Kansas farmers face debts and drought

INMAN, Kan. (AP) — The 1980s are still seared in the minds of farmers: crushing debts, foreclosure auctions and the loss of generations-old family farms.

Now, those bad old days may be staging a comeback in Kansas farm country.

It's not just that wildfires scorched more than 700,000 acres and killed thousands of cattle in southwest and central Kansas, amid the return of drought in much of the state. It's that most farmers in Kansas and nationwide haven't been able to make much, if any, money farming for more than two years.

It's not at crisis stage — yet. The vast majority of farmers are managing.

They've put off purchases, rolled over loans, sold off land and equipment and, in the worst cases, auctioned off the farm and retired.

But the threat is gathering momentum, and a crash would reach beyond the small farm towns to impact the whole state.

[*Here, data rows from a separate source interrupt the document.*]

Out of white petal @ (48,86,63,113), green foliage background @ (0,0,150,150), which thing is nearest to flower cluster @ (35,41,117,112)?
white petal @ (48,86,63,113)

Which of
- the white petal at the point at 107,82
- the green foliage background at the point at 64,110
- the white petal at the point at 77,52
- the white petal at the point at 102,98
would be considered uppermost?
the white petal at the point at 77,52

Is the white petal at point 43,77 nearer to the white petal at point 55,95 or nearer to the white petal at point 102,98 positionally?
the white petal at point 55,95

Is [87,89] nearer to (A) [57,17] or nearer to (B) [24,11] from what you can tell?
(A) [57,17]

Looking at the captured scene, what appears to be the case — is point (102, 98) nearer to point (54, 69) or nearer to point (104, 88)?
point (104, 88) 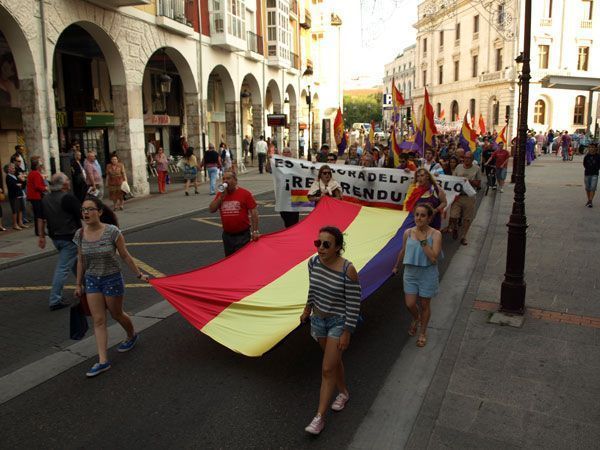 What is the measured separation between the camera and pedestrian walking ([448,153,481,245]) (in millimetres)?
10562

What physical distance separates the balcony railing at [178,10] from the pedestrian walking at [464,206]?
1288cm

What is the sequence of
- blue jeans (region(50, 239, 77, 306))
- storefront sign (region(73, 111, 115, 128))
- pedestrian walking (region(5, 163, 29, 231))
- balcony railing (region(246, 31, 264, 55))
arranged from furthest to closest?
balcony railing (region(246, 31, 264, 55)) < storefront sign (region(73, 111, 115, 128)) < pedestrian walking (region(5, 163, 29, 231)) < blue jeans (region(50, 239, 77, 306))

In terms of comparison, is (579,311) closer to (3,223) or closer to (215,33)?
(3,223)

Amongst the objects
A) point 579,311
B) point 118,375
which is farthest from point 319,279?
point 579,311

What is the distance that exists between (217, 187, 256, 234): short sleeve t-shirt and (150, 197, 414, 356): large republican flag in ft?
1.61

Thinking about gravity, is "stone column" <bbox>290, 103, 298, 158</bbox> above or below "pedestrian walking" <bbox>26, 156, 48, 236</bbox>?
above

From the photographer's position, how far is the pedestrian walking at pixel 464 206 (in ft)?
34.7

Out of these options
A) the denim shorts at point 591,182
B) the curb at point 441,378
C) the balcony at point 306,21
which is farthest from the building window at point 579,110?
the curb at point 441,378

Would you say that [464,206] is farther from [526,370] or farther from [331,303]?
[331,303]

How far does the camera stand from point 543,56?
163 feet

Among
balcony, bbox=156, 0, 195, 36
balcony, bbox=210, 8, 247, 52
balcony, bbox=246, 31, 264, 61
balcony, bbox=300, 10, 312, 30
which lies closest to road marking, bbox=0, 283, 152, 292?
balcony, bbox=156, 0, 195, 36

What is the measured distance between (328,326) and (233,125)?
2344cm

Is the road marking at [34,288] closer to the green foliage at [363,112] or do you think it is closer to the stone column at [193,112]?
the stone column at [193,112]

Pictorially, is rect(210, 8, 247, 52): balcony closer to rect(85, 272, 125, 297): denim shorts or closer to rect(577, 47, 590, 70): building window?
rect(85, 272, 125, 297): denim shorts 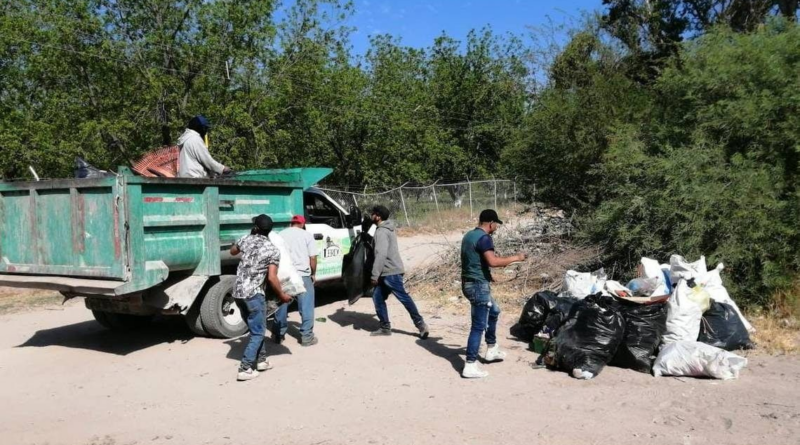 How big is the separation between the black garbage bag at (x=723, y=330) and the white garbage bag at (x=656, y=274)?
0.45m

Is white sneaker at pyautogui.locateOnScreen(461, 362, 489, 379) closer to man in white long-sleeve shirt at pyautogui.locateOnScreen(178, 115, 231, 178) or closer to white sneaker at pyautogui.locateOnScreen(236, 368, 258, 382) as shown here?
white sneaker at pyautogui.locateOnScreen(236, 368, 258, 382)

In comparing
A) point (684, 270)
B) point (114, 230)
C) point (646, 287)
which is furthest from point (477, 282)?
point (114, 230)

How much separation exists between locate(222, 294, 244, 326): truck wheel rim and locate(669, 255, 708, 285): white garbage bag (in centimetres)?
496

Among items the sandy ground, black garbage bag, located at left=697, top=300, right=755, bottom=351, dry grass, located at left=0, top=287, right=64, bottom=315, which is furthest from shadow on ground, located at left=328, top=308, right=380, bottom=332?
dry grass, located at left=0, top=287, right=64, bottom=315

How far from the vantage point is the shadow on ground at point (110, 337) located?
281 inches

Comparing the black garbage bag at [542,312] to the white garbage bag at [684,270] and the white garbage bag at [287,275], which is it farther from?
the white garbage bag at [287,275]

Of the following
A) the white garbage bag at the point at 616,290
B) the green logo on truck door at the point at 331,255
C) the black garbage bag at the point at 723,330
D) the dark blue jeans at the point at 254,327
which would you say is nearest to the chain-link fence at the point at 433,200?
the green logo on truck door at the point at 331,255

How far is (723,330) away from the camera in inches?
230

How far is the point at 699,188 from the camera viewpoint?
24.3ft

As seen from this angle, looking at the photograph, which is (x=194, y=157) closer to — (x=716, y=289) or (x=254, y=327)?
(x=254, y=327)

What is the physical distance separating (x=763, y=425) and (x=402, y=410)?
261 cm

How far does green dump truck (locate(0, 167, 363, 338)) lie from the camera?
19.8 feet

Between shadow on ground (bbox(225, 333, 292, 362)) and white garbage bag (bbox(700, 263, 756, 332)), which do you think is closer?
white garbage bag (bbox(700, 263, 756, 332))

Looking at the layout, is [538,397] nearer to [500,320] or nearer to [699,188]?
[500,320] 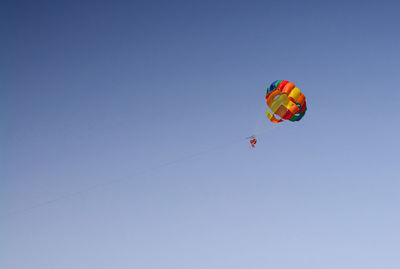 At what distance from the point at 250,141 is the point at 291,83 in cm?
869

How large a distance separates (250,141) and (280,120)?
505cm

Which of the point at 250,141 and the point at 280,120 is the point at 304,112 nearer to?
the point at 280,120

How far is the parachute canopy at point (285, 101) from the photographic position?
6756 cm

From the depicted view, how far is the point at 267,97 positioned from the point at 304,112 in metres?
A: 4.97

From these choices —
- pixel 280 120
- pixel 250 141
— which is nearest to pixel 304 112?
pixel 280 120

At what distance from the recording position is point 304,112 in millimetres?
69062

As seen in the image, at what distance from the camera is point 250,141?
68.4 metres

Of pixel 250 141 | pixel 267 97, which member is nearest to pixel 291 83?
pixel 267 97

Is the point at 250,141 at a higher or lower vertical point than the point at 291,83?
lower

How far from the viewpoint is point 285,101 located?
225 feet

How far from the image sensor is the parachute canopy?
6756cm

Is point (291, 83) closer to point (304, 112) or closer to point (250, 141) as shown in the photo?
point (304, 112)

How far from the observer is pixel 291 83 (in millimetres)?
68062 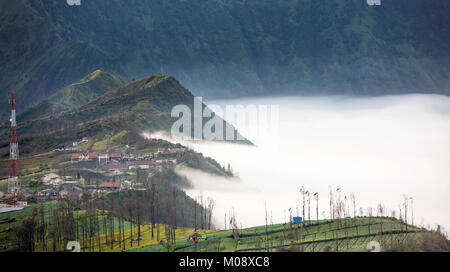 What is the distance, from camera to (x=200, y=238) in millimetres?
167625

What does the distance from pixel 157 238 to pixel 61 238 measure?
2485 centimetres

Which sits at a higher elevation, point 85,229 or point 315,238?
point 85,229

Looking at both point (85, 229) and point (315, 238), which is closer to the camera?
point (315, 238)

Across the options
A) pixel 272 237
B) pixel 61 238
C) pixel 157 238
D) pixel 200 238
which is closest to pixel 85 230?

The Wichita Eagle (http://bit.ly/2nsj39Z ) reports that agriculture in Kansas generated $5.1 billion in economic activity in 2015, the most recent year for which figures are available, which is just 3.4 percent of the overall $150 billion Kansas economy.

But farming underlays vastly more economic activity, such as the beef plants, ethanol refineries, farm machinery makers or even just the town cafe, which are not included in that number. Basically, what would the western 80 percent of Kansas look like without farming?

The cause of the problem is pretty straightforward: Following several terrifically profitable years, prices for every grain and animal grown in Kansas dropped to near decade-long lows and stayed down, even as production costs have recently started to fall.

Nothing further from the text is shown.